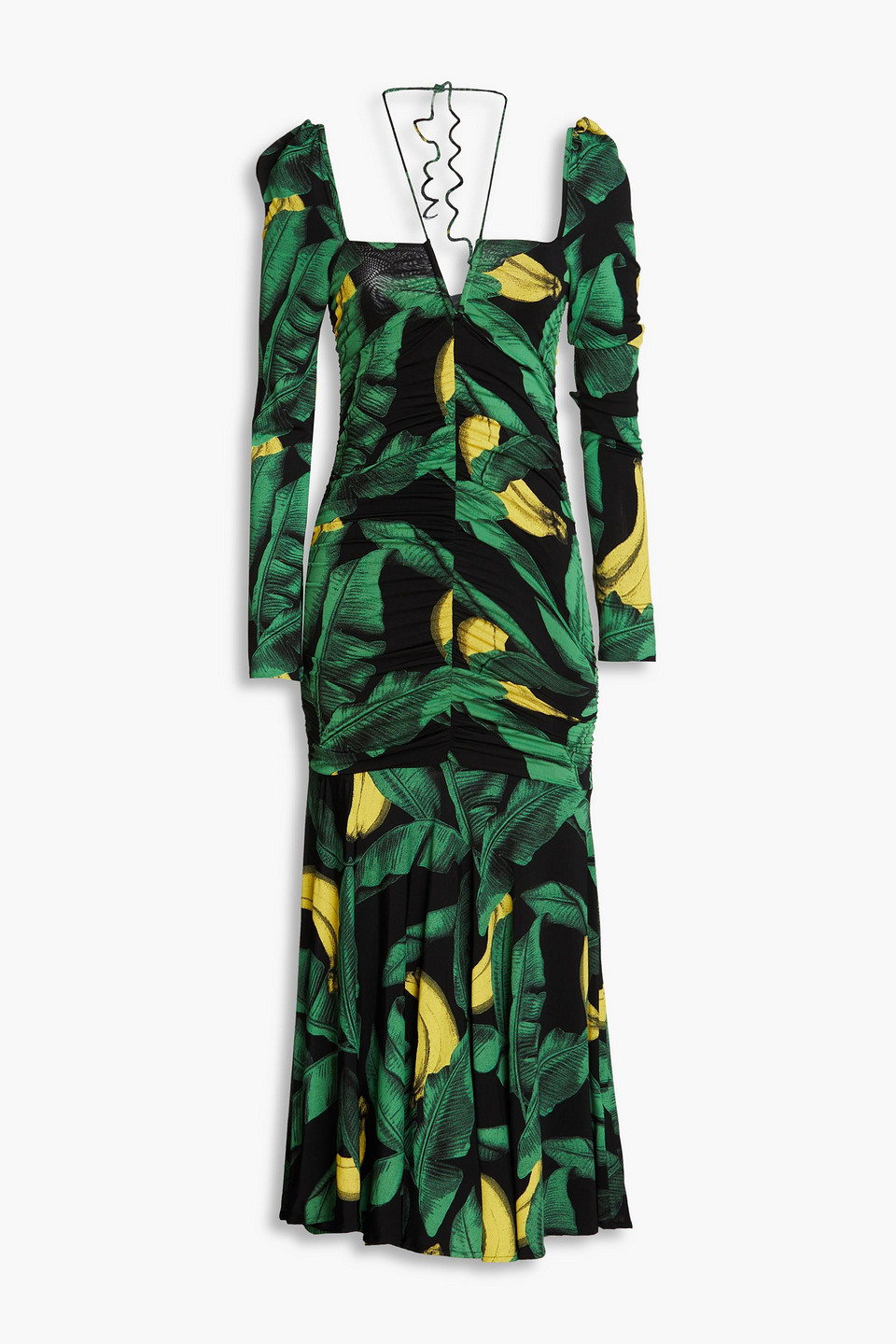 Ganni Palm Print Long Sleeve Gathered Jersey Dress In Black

--

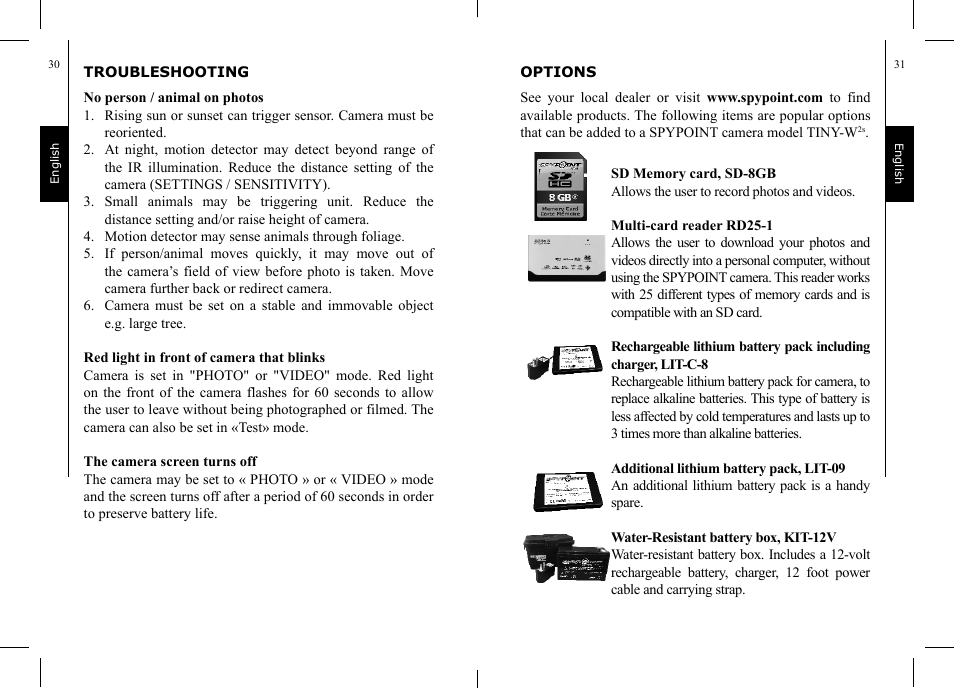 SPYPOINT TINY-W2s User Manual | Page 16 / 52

==

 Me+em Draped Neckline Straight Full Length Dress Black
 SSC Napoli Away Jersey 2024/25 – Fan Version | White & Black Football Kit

## Instructions for the task:
Out of the entries above, write out only the lines between the line holding "Me+em Draped Neckline" and the line holding "SSC Napoli Away", inclusive, each exactly as given.

## Solution:
 Me+em Draped Neckline Straight Full Length Dress Black
 SSC Napoli Away Jersey 2024/25 – Fan Version | White & Black Football Kit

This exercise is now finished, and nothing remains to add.